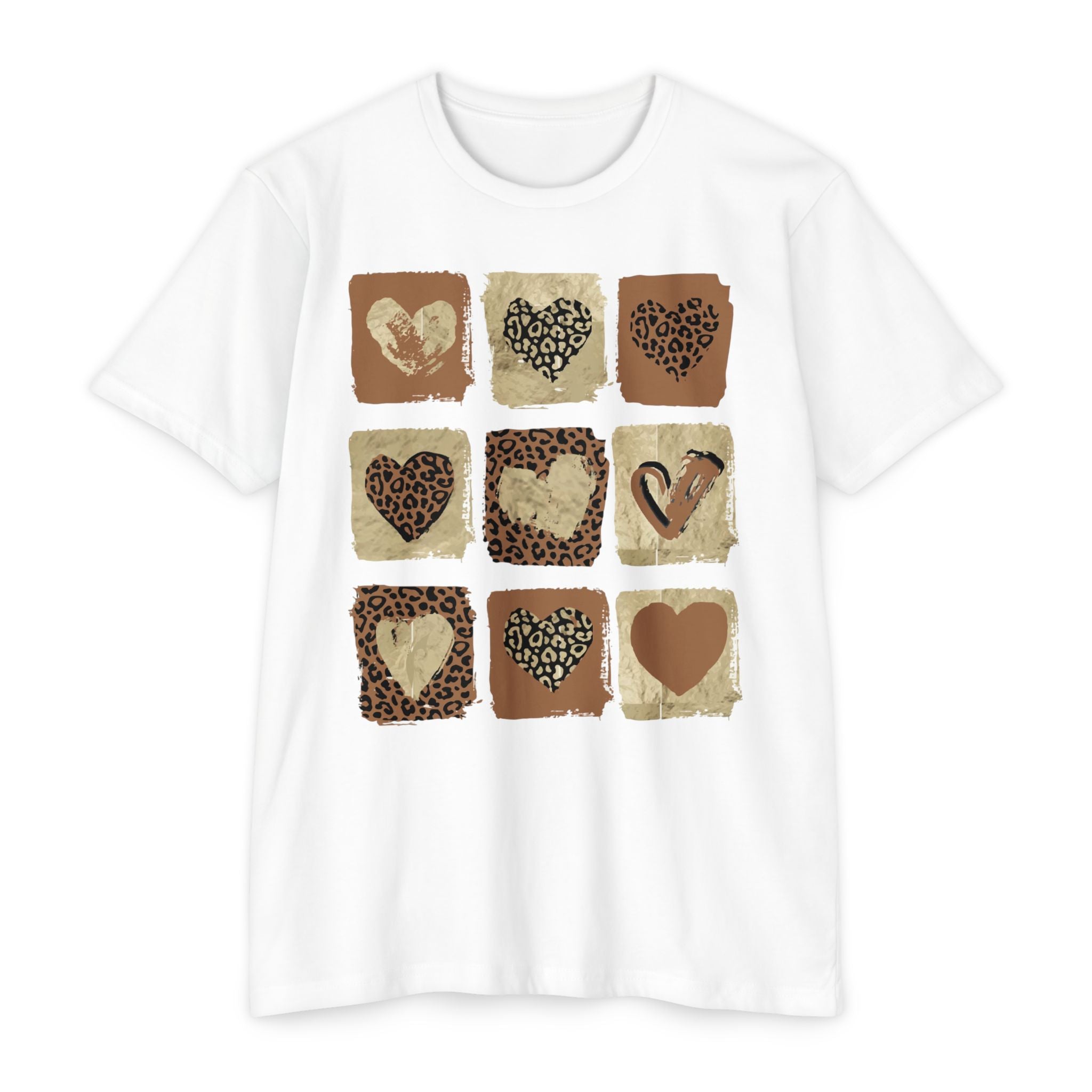 Leopard Hearts T‑Shirt — Neutral Animal Print Heart Grid Tee
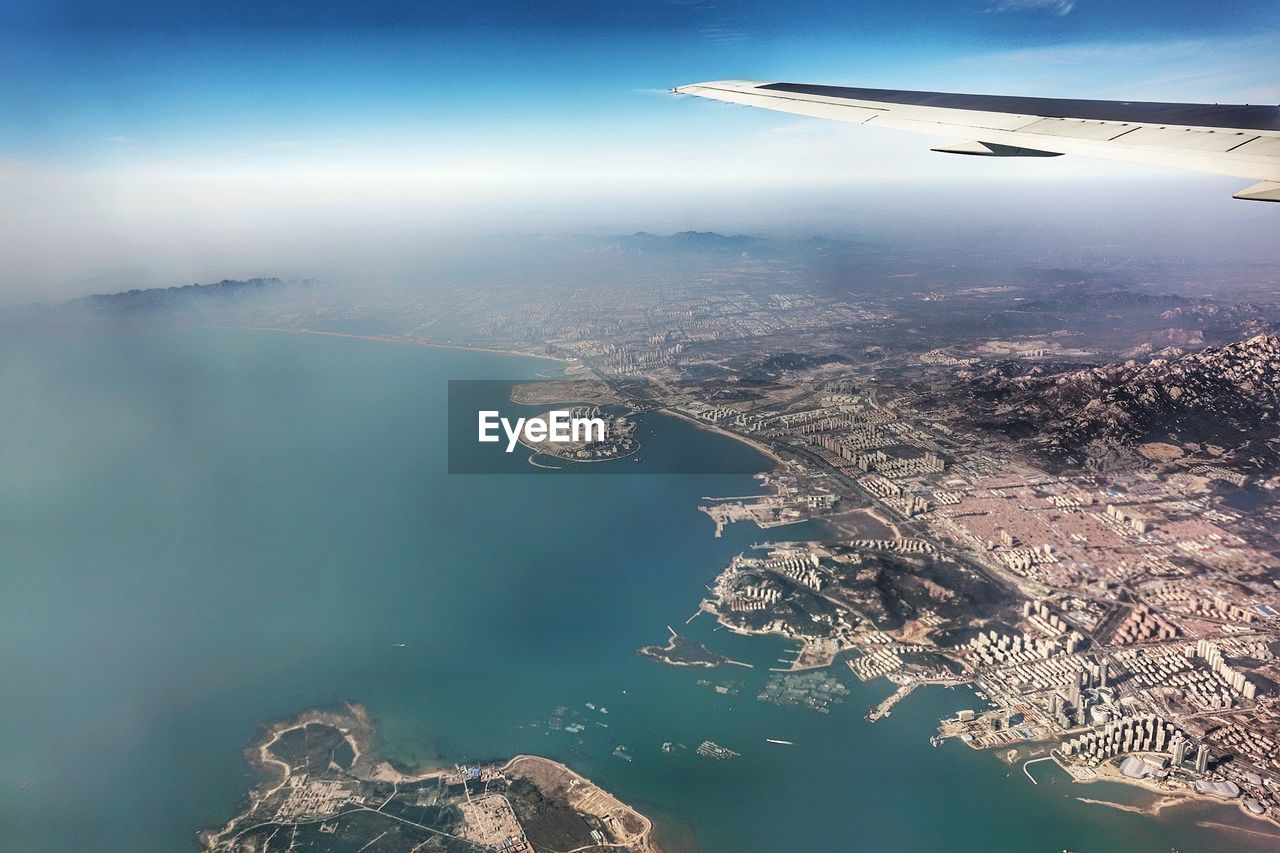 Aerial view of sea against sky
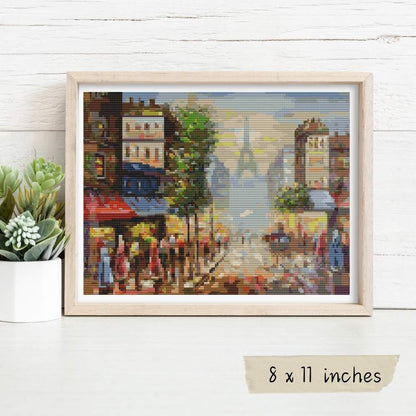 View of the Eiffel Tower Cross Stitch Pattern
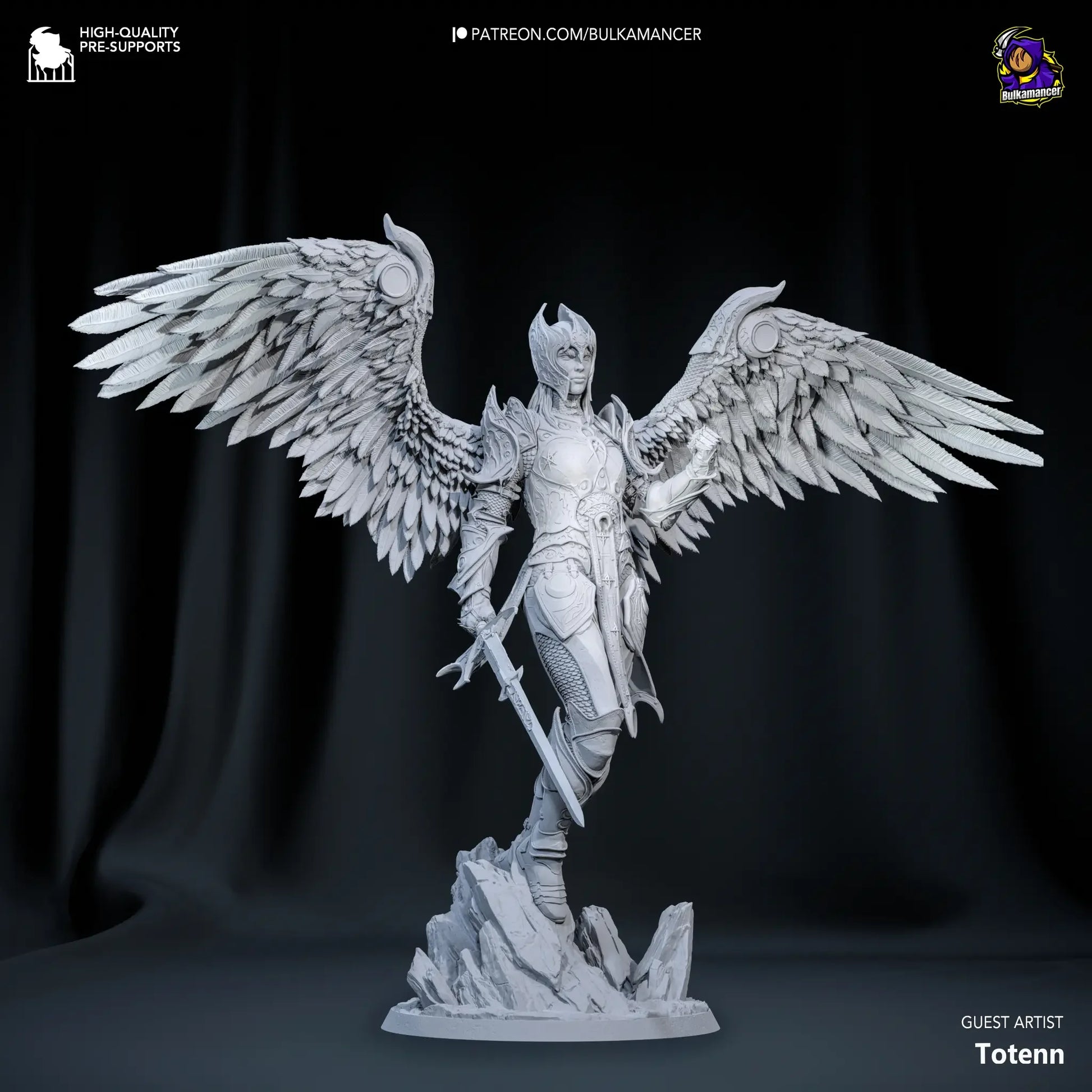 Resplendent Paladin 3D printed miniature with large feathered wings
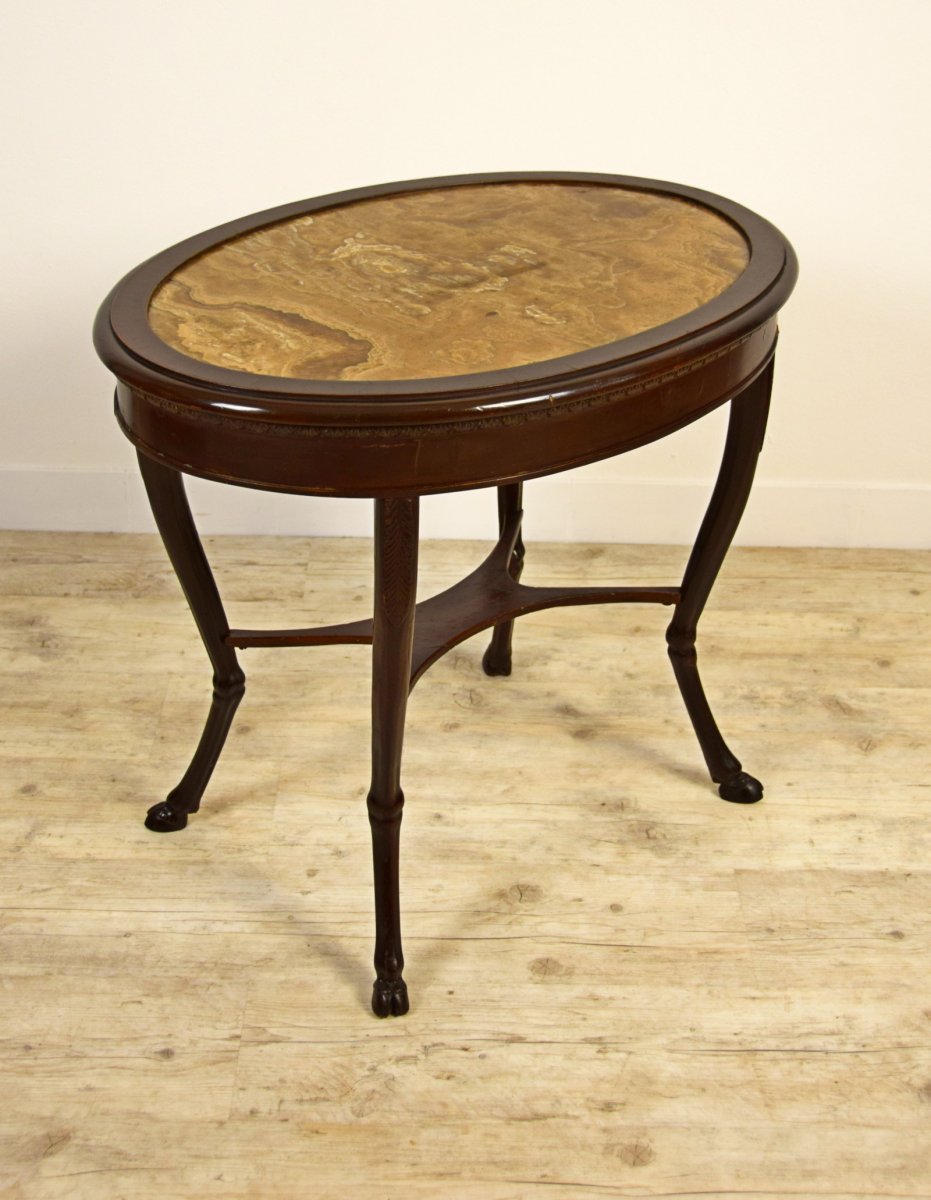 18th Century, Italian Neoclassical Wood Coffèe Table With Alabaster Oval Top -photo-2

**Task:** Retype the data above exactly, dropping every picture.

**Task output:**
 Leopard Hearts T‑Shirt — Neutral Animal Print Heart Grid Tee
 Aerial view of sea against sky
 View of the Eiffel Tower Cross Stitch Pattern
 Resplendent Paladin 3D printed miniature with large feathered wings
 18th Century, Italian Neoclassical Wood Coffèe Table With Alabaster Oval Top -photo-2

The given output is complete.